Task to complete
Take the line that holds "انگشتر عقیق سیاه" and every line after it to the end of the entries, and repeat them exactly without the pictures.

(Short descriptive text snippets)
┌──

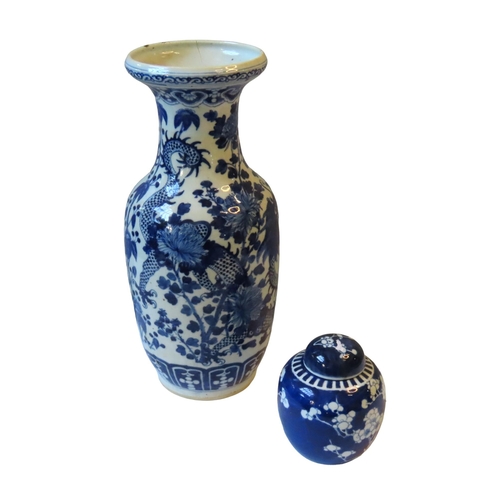 157 - A LARGE CHINESE BLUE & WHITE BALUSTER VASE, 19TH/20TH CENTURY, the sides painted with twin scaly... 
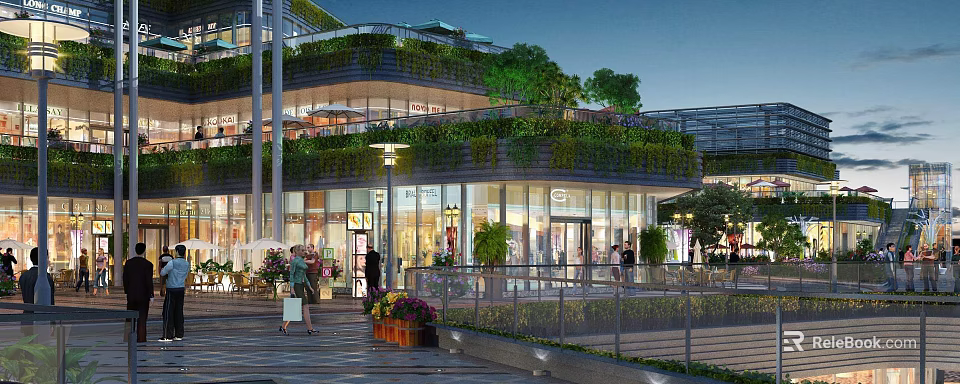 Vibrant Commercial Street with Greenery Covered Buildings Glass Curtain Walls Shops Pedestrians and Night Lighting 3d model 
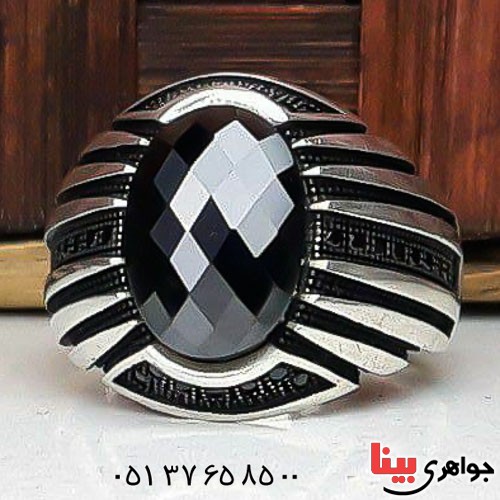 انگشتر عقیق سیاه (اونیکس) اسپرت و شیک مردانه _کد:23004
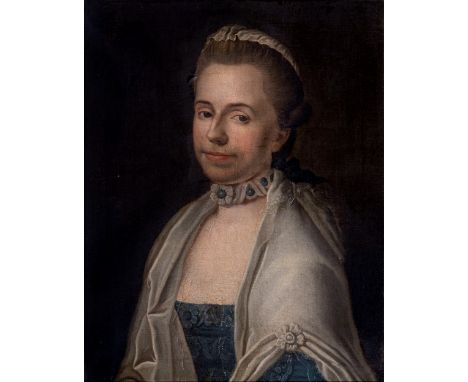 Circle of Henry Pickering (British, fl.1740-1771), Portrait of a Woman in a Blue Dress. oil on canvas. Frame with plaque with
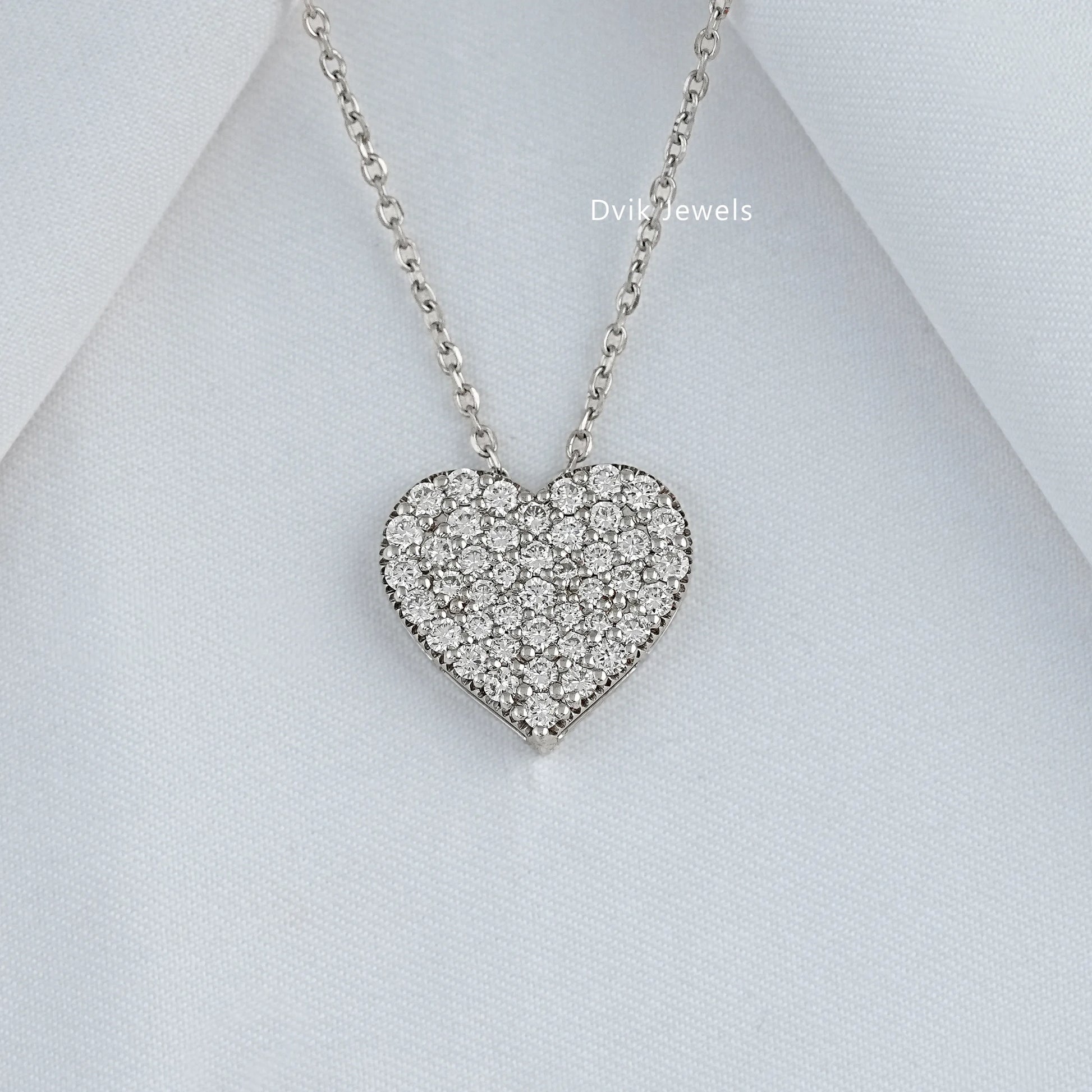 Pave Set Round Heart Diamond Pendant Pendant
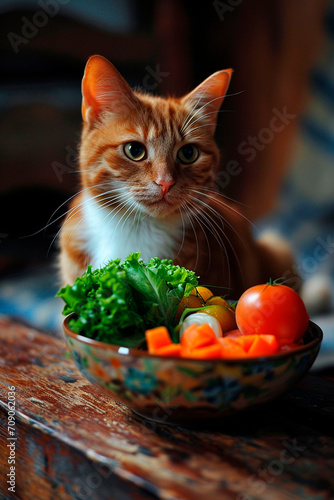 Cat food eats vegetables. Selective focus.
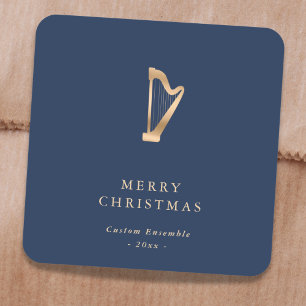 Elegante Goldene Musik Harfe Weihnachten Blau Quadratischer Aufkleber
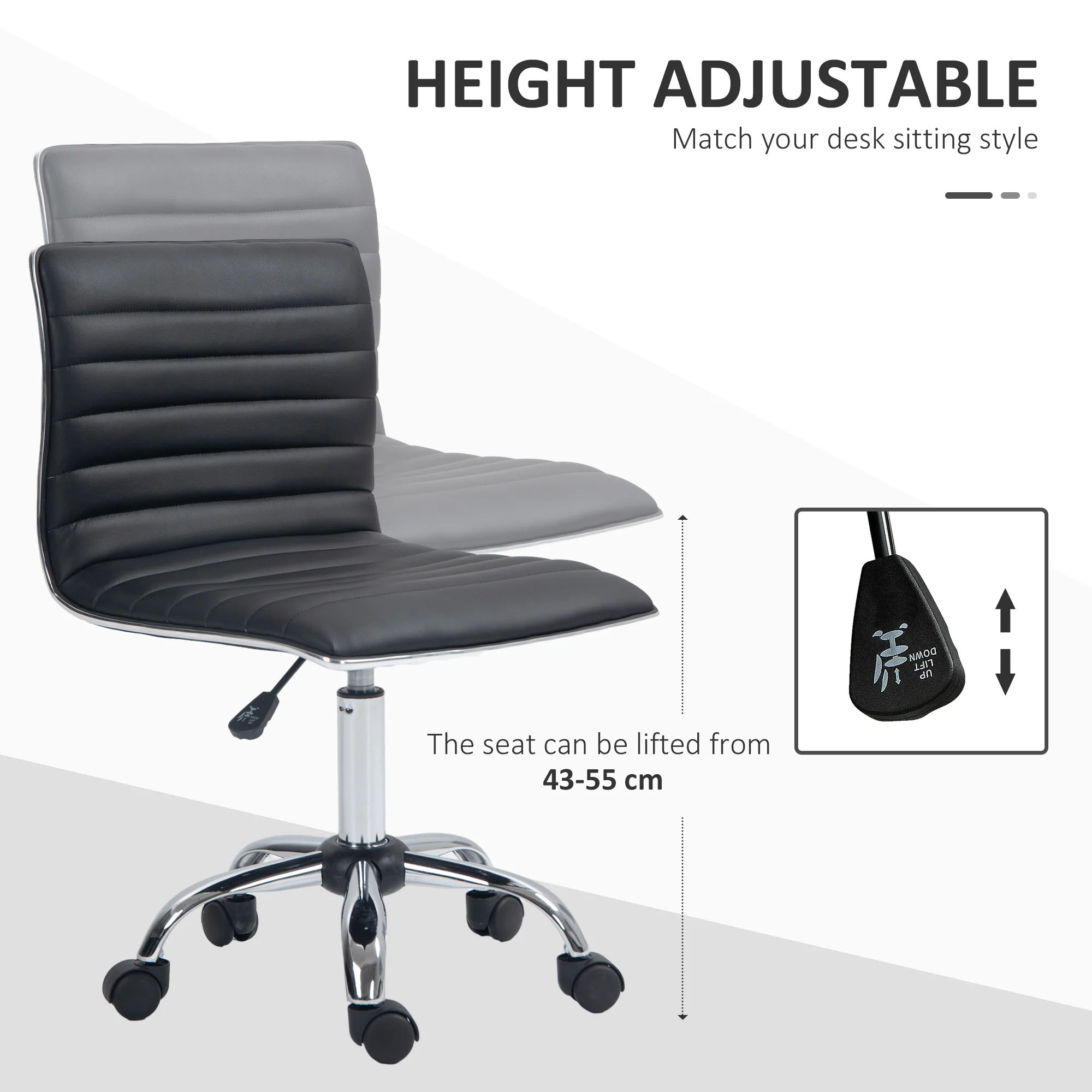 PU Leather Adjustable Swivel Office Chair with Armless Mid-Back & Chrome Base, Black - Image 6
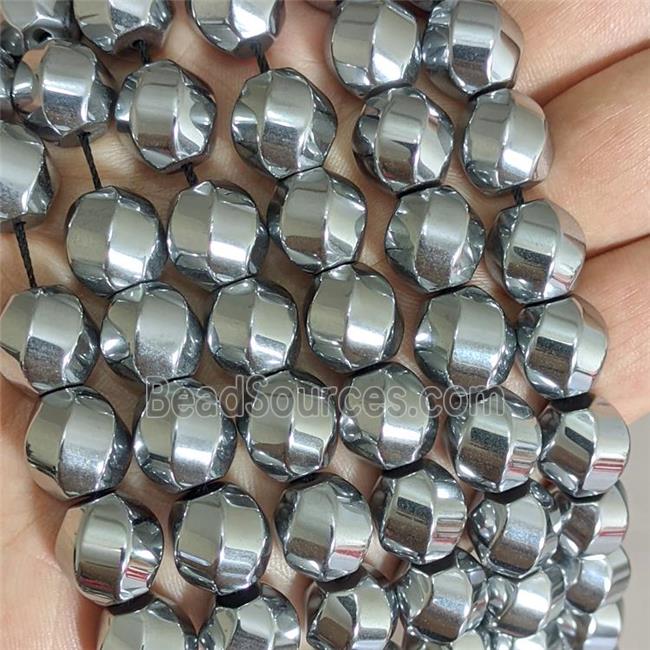 Hematite Twist Beads Platinum Plated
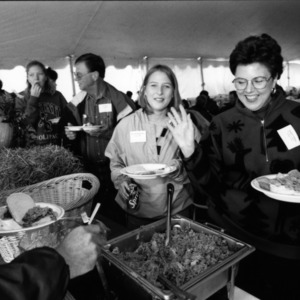 Food line at a NC State Alumni Association tailgate event, 1997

└──

Problem solution
 انگشتر عقیق سیاه (اونیکس) اسپرت و شیک مردانه _کد:23004
 Circle of Henry Pickering (British, fl.1740-1771), Portrait of a Woman in a Blue Dress. oil on canvas. Frame with plaque with
 Pave Set Round Heart Diamond Pendant Pendant
 Cat food eats vegetables. Selective focus.
 Elegante Goldene Musik Harfe Weihnachten Blau Quadratischer Aufkleber
 PU Leather Adjustable Swivel Office Chair with Armless Mid-Back & Chrome Base, Black - Image 6
 Hematite Twist Beads Platinum Plated
 Food line at a NC State Alumni Association tailgate event, 1997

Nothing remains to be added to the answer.